Also, I'm curious about this comment Kevin left last night.  Usually, when he leaves comments like this it turns out to have legs.  I'm having a hard time believing a PSC firm could file a claim for losses incurred by their own firm...and if they did was that claim expedited?   


Kevin has left a new comment on your post "DHECC - Comment Bump, March 8, 2015": 


There are class counsel whose private law practices are located within settlement zones where other law practices were found by the DHECC to be members of the Economic and Property Damages Settlement Class (pre-495).

I haven't scoured the massive settlement document, but after a reasonable search I haven't been able to find any language that says the class counsel and their law practices are excluded from the settlement.
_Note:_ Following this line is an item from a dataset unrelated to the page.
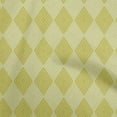 thumbnail image 1 of oneOone Polyester Spandex Light Green Fabric Check Argyle Sewing Craft Projects Fabric Prints By Yard 56 Inch Wide, 1 of 4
Would someone please point me to the page(s) in the settlement document?

If there is no such exclusion, can someone be class counsel and their firm be a class member in this settlement? Have any class counsel or their firm(s) received any BEL or IEL awards from the DHECC?

Friday, January 16, 2015

DHECC - The Mamas, The Papas, and the orphaned children of the Gulf Coast

- "And no one's getting fat except Mama Cass..."
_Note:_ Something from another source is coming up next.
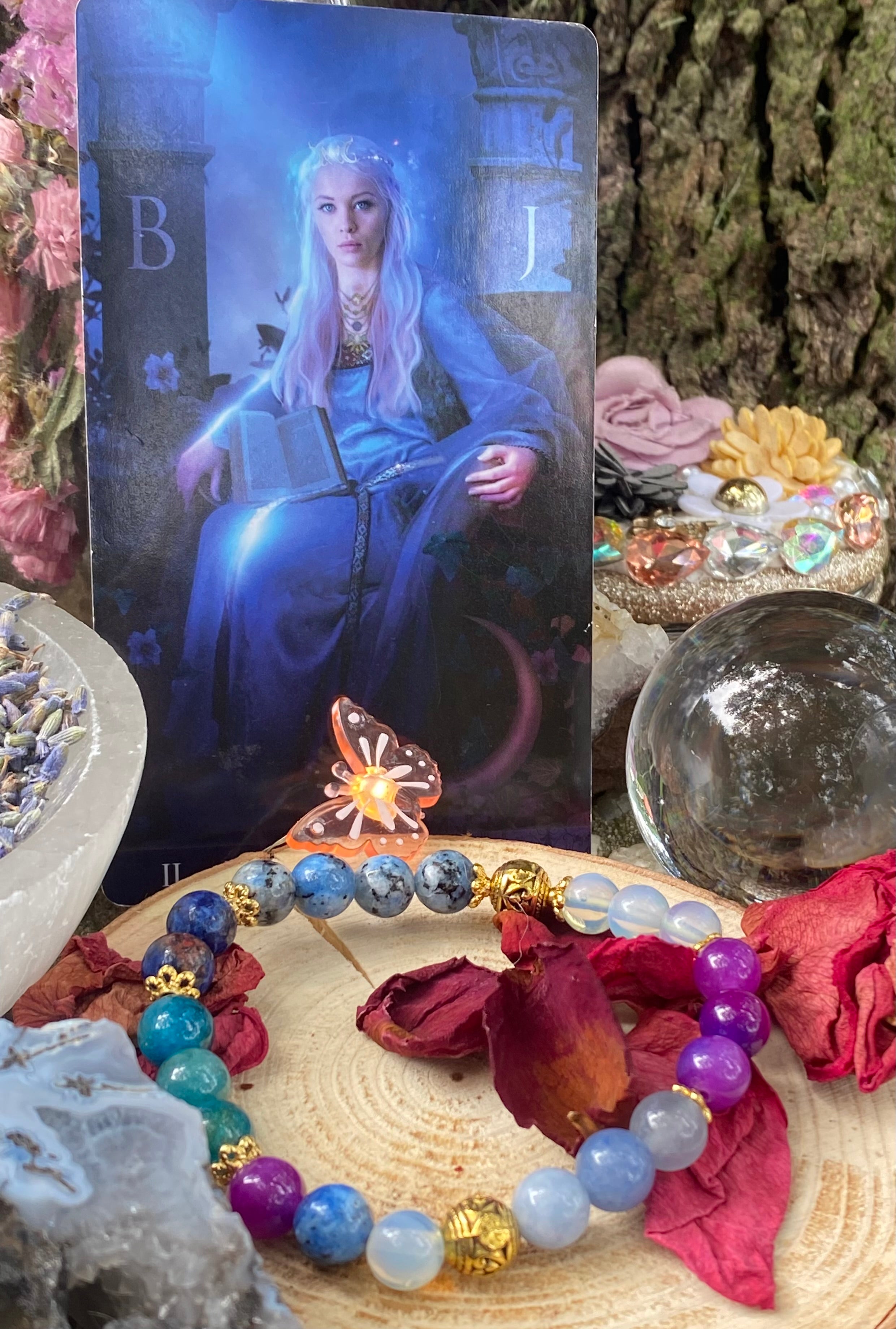 Mystical Enchantress…l Inspired By The Intuitive Wisdom Of The High Priestess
...and Juneau, the PSC, Louis Freeh, the court vendors....just not the people actually affected by the oil spill.

Tuesday, Kyle Barnett of the Louisiana Record published this nuclear bombshell:

McGladrey whistleblower claims Deepwater Horizon audit deeply flawed

Although it's been met with little fanfare in the mainstream media cycle, if this whistleblower's story is true it has the elements of an Arthur Andersen/Enron debacle.

Disclosure:  I was aware of the whistleblower's claims (as were other reporters who have followed this story) before Barnett published his post.  I have seen the whistleblower's original allegations and I can tell you they go much deeper than what Barnett was able to publish.  There are some highly salacious elements to the story that could possibly implicate a collusion between court vendor PwC (Pricewaterhouse Coopers) and McGladrey in how the audit was carried out....if you could even call it an audit....but I can't comment on all of it at the moment.

As Barnett pointed out, BP filed with Barbier's court to obtain the initial versions of the audit and was denied.  No surprise there, Barbier's only goal is to run interference for Juneau, the PSC, the Freeh Group and the chosen court vendors who are racking up millions while the people who have suffered the most along the Gulf have been orphaned in the wake of Act 495.

Barnett also notes the whistleblower's report calls out McGladrey team leader for the DHECC audit, Mark McNamee, for essentially running up the bill without a real game plan in place to accurately assess the success or failure of the settlement.  The whistleblower claims McNamee told the auditing team, "The client is willing to pay whatever costs that we incur during this engagement as long as we can get the job done."  McNamee also allegedly encouraged the McGladrey team members to stay in New Orleans on the weekends and yuck it up on the company expense account while filing billable hours to the DHECC.

There is second player mentioned in the whistleblower's complaint that was not mentioned in the Louisiana Record story, McGladrey Risk Advisor Service Manager, Jessica Batt.  Batt served as an executive member on the BP audit team and worked very closely with McNamee according to the information laid out in the ethics complaint.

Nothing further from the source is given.